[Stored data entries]
═══
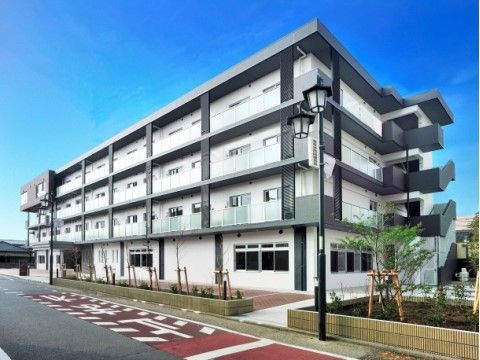 外階段で各階が繋がっている、道路に面した4階建ての建物外観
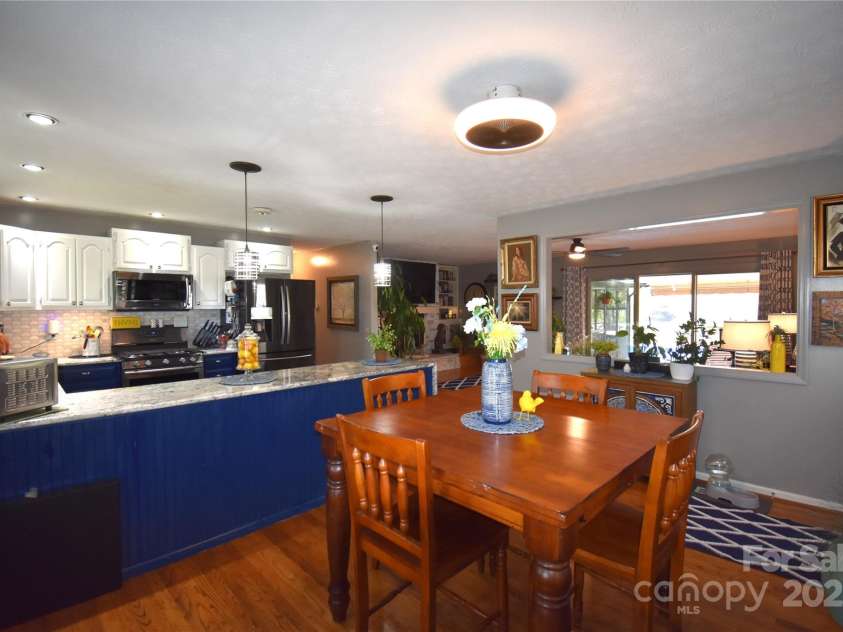 37 Hillside Drive, Etowah, NC 28729.  MLS# CAR4243156, YatesRealty ID 8761. Dining room looking to living room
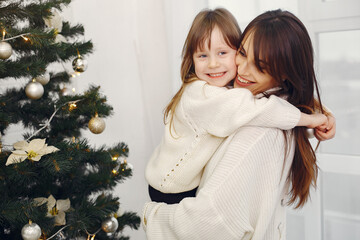 Mother with cute daughter standing near christmas tree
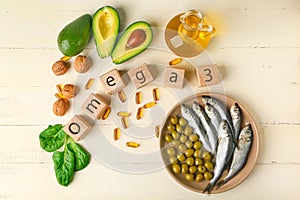 Wooden cubes, healthy products with high omega 3 and fish oil pills on white table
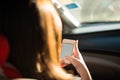 Close up woman using phone for navigator in car Royalty Free Stock Photo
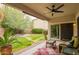 Covered patio with comfortable seating overlooks a well-maintained yard with mature landscaping at 9834 E Fairview Ave, Mesa, AZ 85208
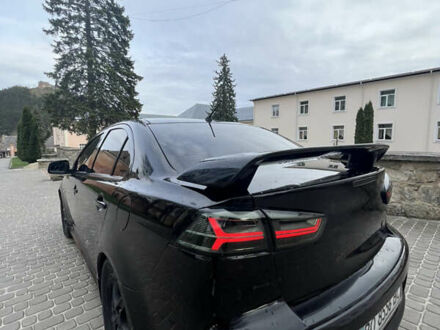 Міцубісі Lancer 2008 у Кременце на Automoto.ua Чорний Міцубісі Lancer, об'ємом двигуна 2 л та пробігом 165 тис. км за 6900 $, фото 1 на Automoto.ua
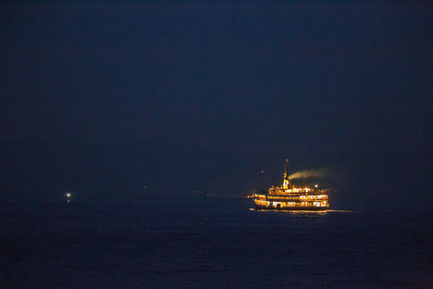 a large ship is floating on the water at night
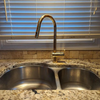 Close-up of unlacquered brass handle and spray head, antique finish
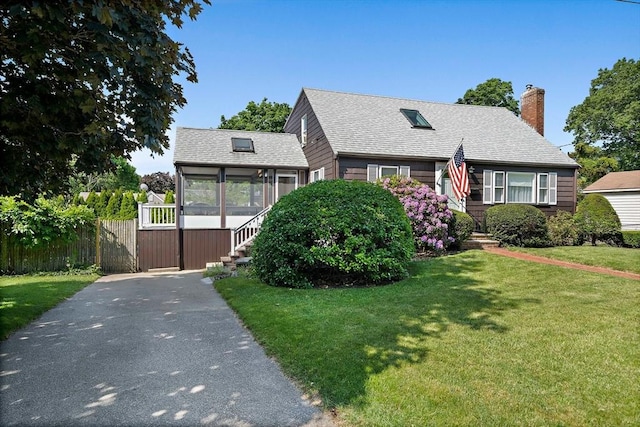 2 Winstead Rd, Weymouth, MA 02189 - view of front of property featuring a sunroom, a chimney, roof with shingles, and driveway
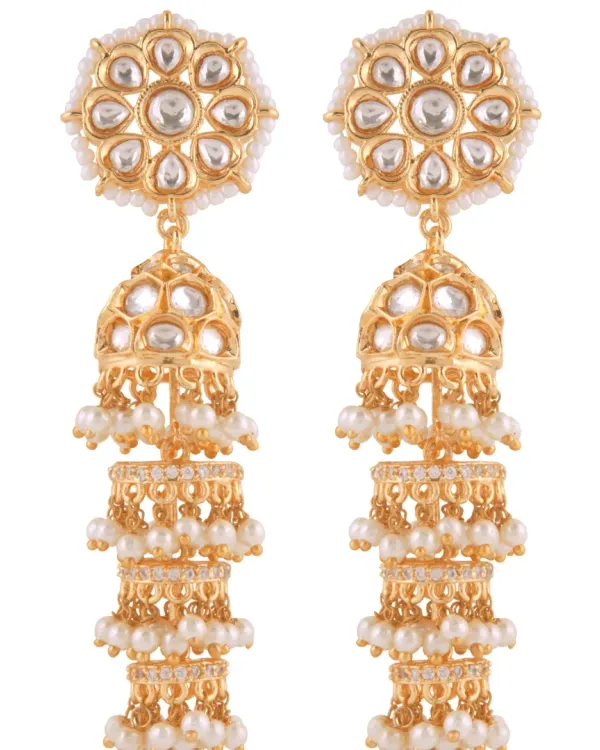 A crisp, front-facing product shot of gold and pearl tiered jhumka earrings on a white background, perfect for a primary e-commerce listing image.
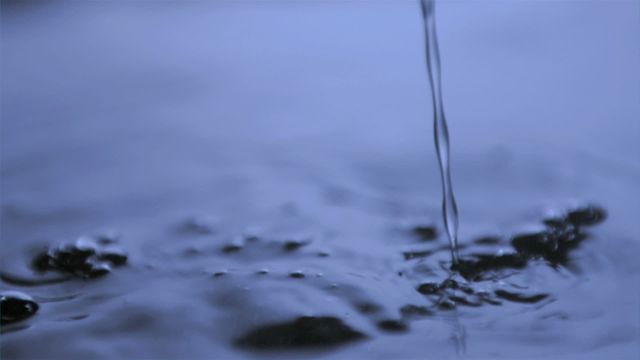 Flowing water moving elegantly under blue light in slow motion captures cinematic beauty. Ripple and droplet interactions convey calmness and depth, great for use in relaxing themes, water-themed publications, or as artistic background.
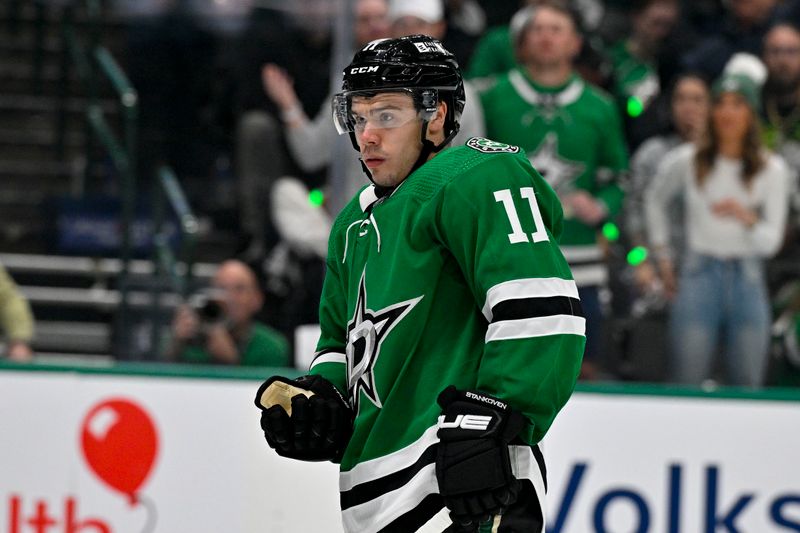 Apr 22, 2024; Dallas, Texas, USA; Dallas Stars center Logan Stankoven (11) checks for blood after getting hit with a hight stick by the Vegas Golden Knights during the second period in game one of the first round of the 2024 Stanley Cup Playoffs at the American Airlines Center. Mandatory Credit: Jerome Miron-USA TODAY Sports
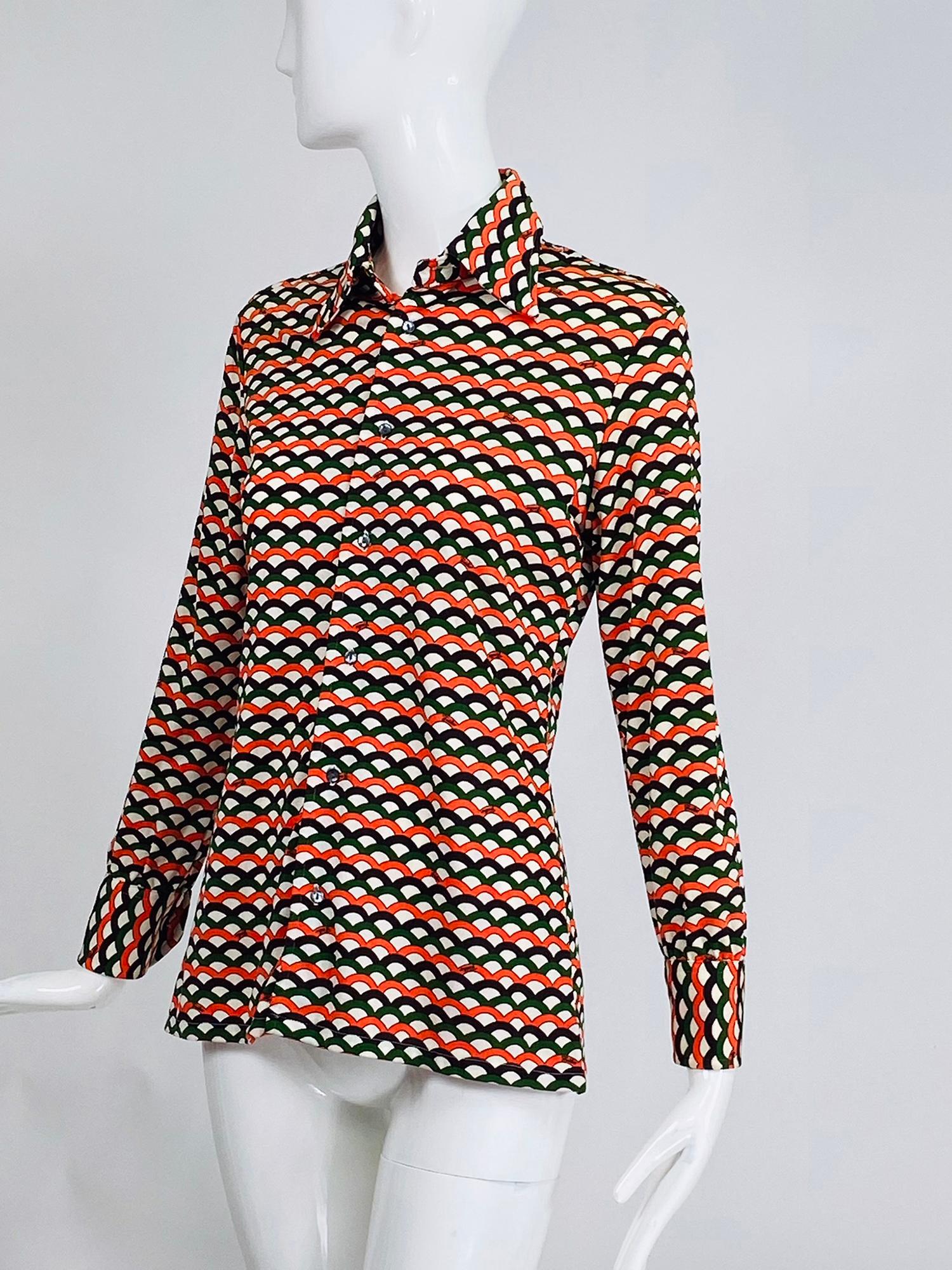 Emilio Pucci signed geometric print shirt from the 1970s. Long sleeve button front wing collar shirt, Charlie's Angels style in orange, white, black and green. Fitted shirt done in silky polyester. Marked size 10, fits like a size 4.
     In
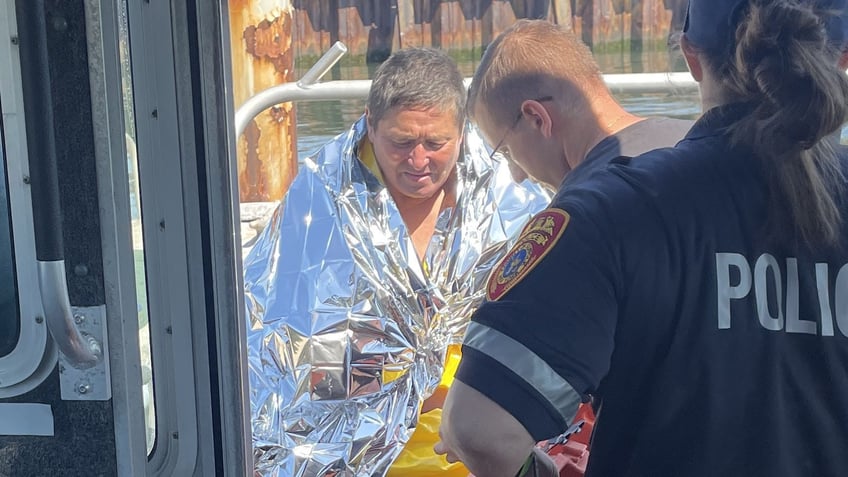 63 year old new yorker treads water for 5 hours creates makeshift flag before ocean rescue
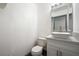 Modern half-bathroom featuring a vessel sink, stylish fixtures, and a sleek vanity with grey trim at 3241 E Winery Rd, Pahrump, NV 89048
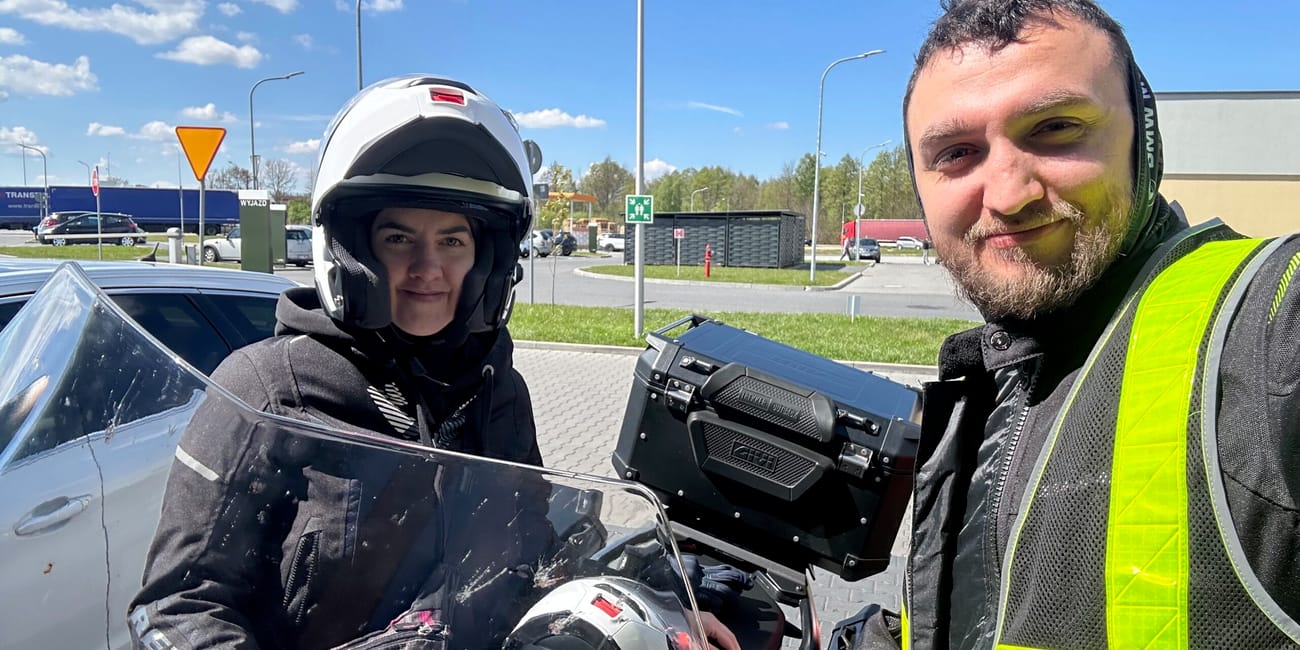 Para motocyklem w wiedniu, dwoje osób w kaskach robi selfie przy motocyklu.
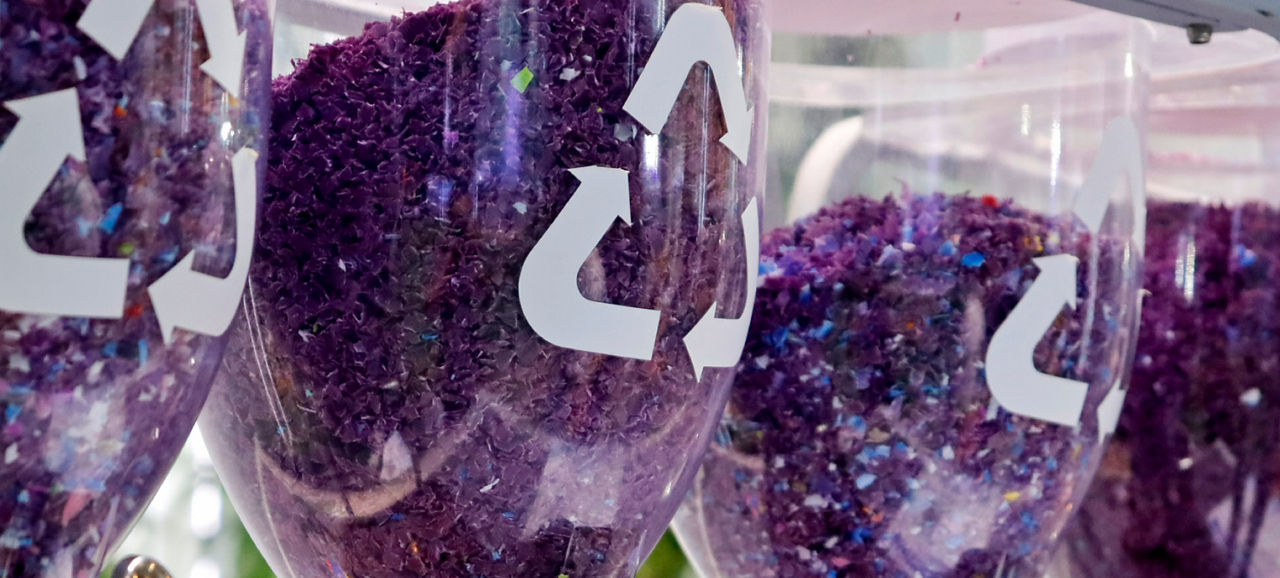 Transparent containers filled with small purple plastic pellets, each marked with a recycling symbol, represent processed recycled plastic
═══
EXERCISE PROMPT: Above are the records; reproduce them exactly and leave out the pictures.

RESPONSE:
 外階段で各階が繋がっている、道路に面した4階建ての建物外観
 37 Hillside Drive, Etowah, NC 28729.  MLS# CAR4243156, YatesRealty ID 8761. Dining room looking to living room
 Mother with cute daughter standing near christmas tree
 Wooden cubes, healthy products with high omega 3 and fish oil pills on white table
 Close up woman using phone for navigator in car Royalty Free Stock Photo
 Covered patio with comfortable seating overlooks a well-maintained yard with mature landscaping at 9834 E Fairview Ave, Mesa, AZ 85208
 Міцубісі Lancer 2008 у Кременце на Automoto.ua Чорний Міцубісі Lancer, об'ємом двигуна 2 л та пробігом 165 тис. км за 6900 $, фото 1 на Automoto.ua
 a large ship is floating on the water at night
 Close-up of unlacquered brass handle and spray head, antique finish
 2 Winstead Rd, Weymouth, MA 02189 - view of front of property featuring a sunroom, a chimney, roof with shingles, and driveway
 A crisp, front-facing product shot of gold and pearl tiered jhumka earrings on a white background, perfect for a primary e-commerce listing image.
 Flowing water moving elegantly under blue light in slow motion captures cinematic beauty. Ripple and droplet interactions convey calmness and depth, great for use in relaxing themes, water-themed publications, or as artistic background.
 Apr 22, 2024; Dallas, Texas, USA; Dallas Stars center Logan Stankoven (11) checks for blood after getting hit with a hight stick by the Vegas Golden Knights during the second period in game one of the first round of the 2024 Stanley Cup Playoffs at the American Airlines Center. Mandatory Credit: Jerome Miron-USA TODAY Sports
 Emilio Pucci signed geometric print shirt from the 1970s. Long sleeve button front wing collar shirt, Charlie's Angels style in orange, white, black and green. Fitted shirt done in silky polyester. Marked size 10, fits like a size 4.
     In
 63 year old new yorker treads water for 5 hours creates makeshift flag before ocean rescue
 Modern half-bathroom featuring a vessel sink, stylish fixtures, and a sleek vanity with grey trim at 3241 E Winery Rd, Pahrump, NV 89048
 Para motocyklem w wiedniu, dwoje osób w kaskach robi selfie przy motocyklu.
 Transparent containers filled with small purple plastic pellets, each marked with a recycling symbol, represent processed recycled plastic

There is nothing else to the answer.